RESIDENTS fed up with increasing numbers of Silentnight lorries loading and unloading opposite their homes have been told there is nothing that Pendle Council can do to help them.

Under a planning permission passed in 1980, Silentnight Beds was allowed to load or unload no more than four wagons per day at part of its Moss Shed plant in Barnoldswick fronting Victoria Road. Furthermore, that activity was limited to between 9am and 4.30pm Monday to Saturday.

Victoria Road resident Malcolm Brown told Pendle Council's West Craven committee that many more than four vehicles per day were now loaded and unloaded there, often into double figures, and it started from 8am and went on till 6pm most nights.

But a report to the committee concluded there was nothing that could be done.

It said that because the planning condition had clearly been breached for more than four years, it was too late to take enforcement action.

Mr Brown and other residents found that hard to accept: "If they can stop night flights into Heathrow Airport on a planning condition then surely a poxy little bedding firm in Barnoldswick can be stopped," said Mr Brown.

Another condition of the original 1980 planning permission required Silentnight to construct "continuous kerbs with bollards" on the factory side of Victoria Road, between the loading bays. It appeared that work was never done.

But again there was nothing the council could do because of the length of time that had elapsed.

Mr Brown urged the council, for safety's sake, to paint a white line separating the road from the footway on the factory side and erect bollards along the dividing line to stop wagons driving on it.

"I know jobs are important, but what price a life?" he asked. "How many jobs equate to one of our kids?"
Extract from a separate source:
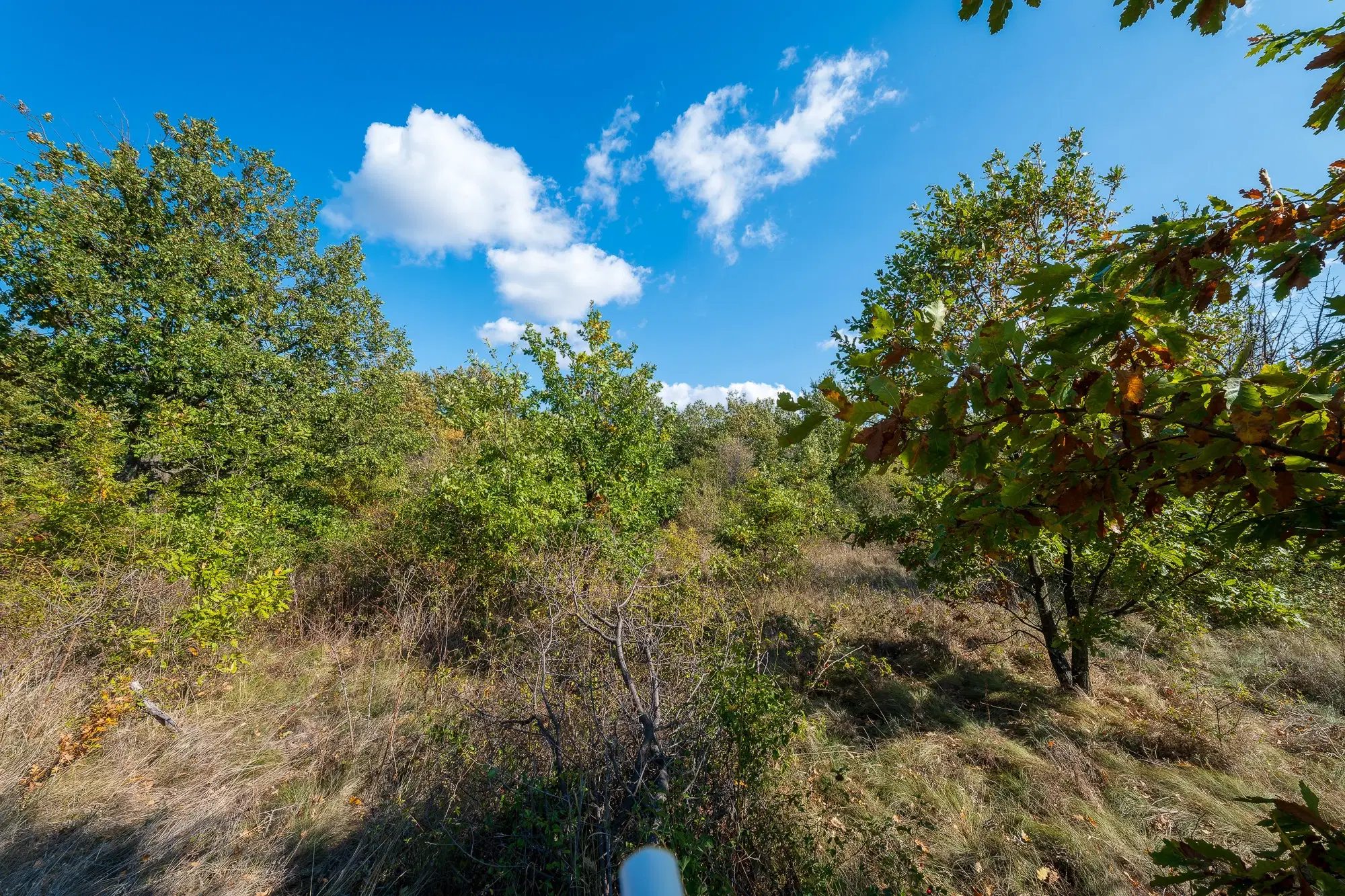 26.055 m² bosgrond - Rakovitsa, Vidin - Bulgarije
However, planning officer Janet Filbin insisted that, from a planning point of view, the council's hands were tied.

Coun Margaret Bell, chairman of the West Craven committee, said it had been a long running issue stretching back over 20 years.

"From the council's point of view there is nothing we can do and I think we have to finally accept that," she said.

However she did proposed asking the highways department to provide bollards at the end of the remaining footpath on the factory side, effectively blocking it off and directing pedestrians to the other side of the road.